The in-built emacs tutorial is pretty useful for learning emacs but it does not cover several topics that are helpful in scientific computing. One of these neglected topics is column operations .

Column operations are a way of deleting, copying and pasting in entire columns of your text/data/numbers/etc. These operations build on your knowledge of the 'kill' , 'delete' and 'yank' operations you've already tried out on lines of your file. The only difference with column operations is that you have to mark out a rectangle, using an emacs keystroke you've already met, which is Ctrl-space

The best way to learn is to practice - so download the file 'prac-col.txt' by using a Shift-click on the right-hand link. When you have downloaded and opened this file under emacs, follow the guided tutorial below.

Putting it into Practice:

1. Deleting a column of data. In this example you will delete the first column of the file (comprising the rh label).
Place your cursor over the first rh symbol and click. Now type Ctrl-space . Now move with the arrow keys down to the bottom rh, such that your cursor is to the right of this rh symbol. Now type Ctrl-x rd . This should delete the whole column of rh symbols.
Type Ctrl-x u to undo this editing.
So, the Ctrl-space marks the top left-hand corner of your chosen rectangle (column), and where you subsequently move your cursor should mark out the bottom right-hand corner of your chosen rectangle .
You can think of the rd in Ctrl-x rd as standing for 'rectangle delete'
 
2. Killing and yanking a column of data. In this example you will kill the first column of the file (comprising the rh label), and yank it such that it now forms the last column of the file.
Mark out your column in the usual way, ie, place your cursor over the first rh symbol and click. Now type Ctrl-space . Now move with the arrow keys down to the bottom rh, such that your cursor is to the right of this rh symbol. Now type Ctrl-x rk . This should delete the whole column of rh symbols. Now, move to the end of the first link of coordinates and advance one space further (move your cursor one space to the right).

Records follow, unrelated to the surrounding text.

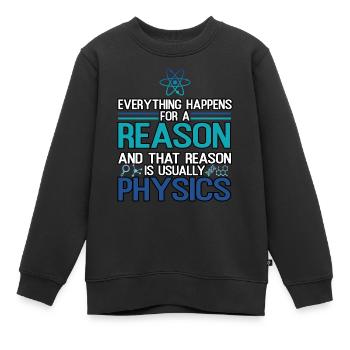physics - Kids Premium Organic Sweatshirt - black - Front - AI Model Kid Female (0cm)
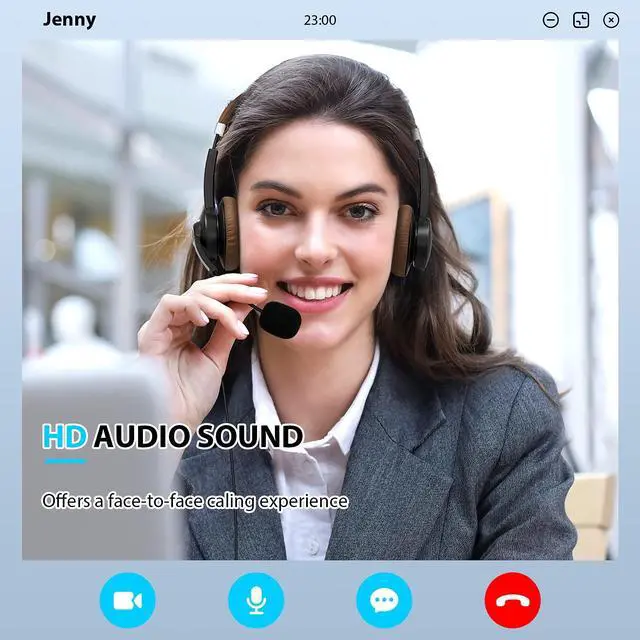 Alt view image 2 of 5 - Arama USB Headset with Microphone Noise Cancelling & in-line Call Controls, Ultra Comfort 3.5mm Wired Headset for Cell Phone, Computer Headset with Mute for PC Laptop Skype Webinar Home Office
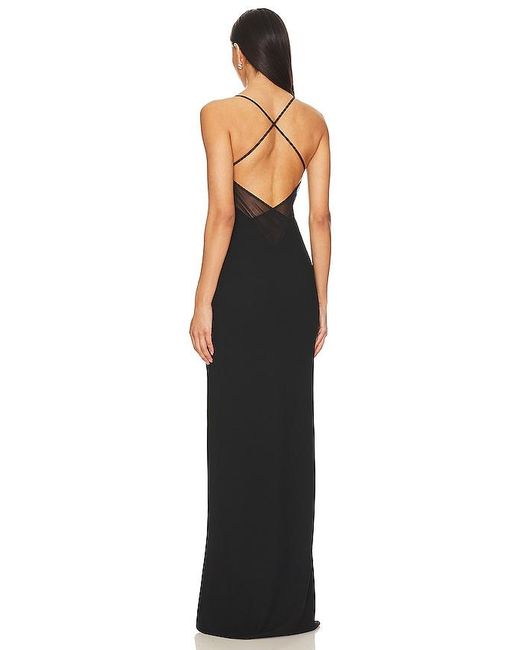 The Sei Black Plunge Gown With Mesh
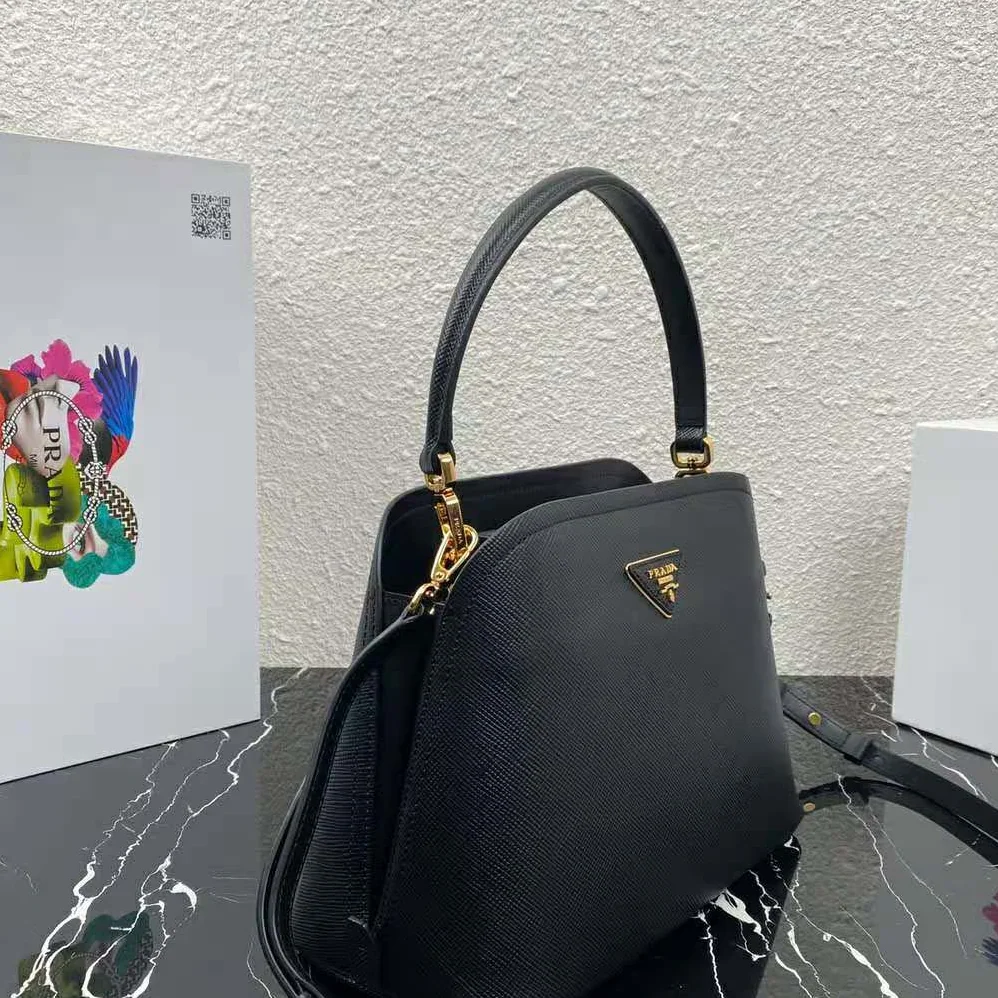 Prada Medium Saffiano Leather Prada Matinee Bag for Women in Black Prada Medium Saffiano Leather Prada Matinee Bag for Women in Black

Finally, type Ctrl-x ry . This should paste your column of rh symbols so it appears after the Cartesian coordinates.
Type Ctrl-x u to undo this editing.
You can think of the rk in Ctrl-x rk as standing for 'rectangle kill'
 
3. Altering a column of data. In this example you will replace the first column of the file (comprising the rh label) with the symbol zn
Mark out your column in the usual way, ie, place your cursor over the first rh symbol and click. Now type Ctrl-space . Now move with the arrow keys down to the bottom rh, such that your cursor is to the right of this rh symbol. Now type Ctrl-x rt . Look at the bottom of your emacs window - you will be prompted with the sentence String rectangle: Click your cursor next to this sentence and type zn and hit return. All of the rh symbols will be changed to zn symbols.
Don't undo this change - leave it as it is.
 
4. Creating a column of data. Instead, say you need to change your file to conform with a new file format. This time the format is atomic element and then atomic number and then the Cartesian coordinates . To comply with this file format, yu will need to insert a column of atomic numbers, such that it is the second column in the file. The atomic number of Zn is 30.
Place your cursor two spaces after the first zn symbol and click and then type Ctrl-space . Now mark out your rectangle by moving your cursor with the arrow keys down to the last line, one space before the first Cartesian coordinate on the last line. Now type Ctrl-x rt . At the bottom of the emacs window, type 30 and hit return. A column of 30's should now be inserted between the zn column and the Cartesian coordinates.